The Wind Rises is quite unlike any other of Miyazaki’s films. Essentially a biopic, this Studio Ghbili prduction tells the story of Jiro Horikoshi, aeronautical engineer, who worked during the pre- war era, designing planes for Mitsubishi.
Jiro’s life is documented into sections. The beginning of the film sees him as a school child, where his tendency for working hard becomes clear. His desire to design planes comes to him in a dream, where he meets his real-life idol, the Italian, Count Giovanni Caproni. “Aeroplanes are dreams”, says Caproni. This encapsulates the extent of the fantasy elemen within the film, which in comparison to Miyazaki’s others, is really nothing much.

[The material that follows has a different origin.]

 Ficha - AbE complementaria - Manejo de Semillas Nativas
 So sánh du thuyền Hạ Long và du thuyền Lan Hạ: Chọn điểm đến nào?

Jiro goes onto fulfill his childhood desire to build planes, and further, becomes Japans finest, and most skilled technician. His character from the beginning, is painted with patience, compassion, modesty and delicate attention. Jiro’s eye for fine details provides him with the ability to creatively deconstruct and rebuild; entirely endearing, Miyazaki chose to have Jiro gain inspiration for his final aeroplane wing design, from an arched bone he finds in one of his Mackerel dinners.
Jiro’s life must of course, consist of more than just working. Appearing fated, his relationship with Naoko develops from mere coincidence, to passionate love. Adding an element of harsh, unforgiving reality to the film, Naoko’s character and pathway through the film offers complexity, as well as connecting and paralleling the delicacy of the human makeup, to that of an aeroplane.
Despite the film not being the in-your-face fantasy epic that Miyazaki has his fans seeking, The Wind Rises offers a mature, subtle tale with hidden depths- interestingly, all of the sound effects within the film were created with human voices. Not devoid of lovable qualities, there are still moments of laughter on offer, and as a biopic, you’re able to digest some new, historical information. As Miyazaki’s last, this film adds diversity to his collection. For those interested in exploring his previous films, look first to My Neighbour Totoro (1988), Spirited Away (2001) and Ponyo (2008).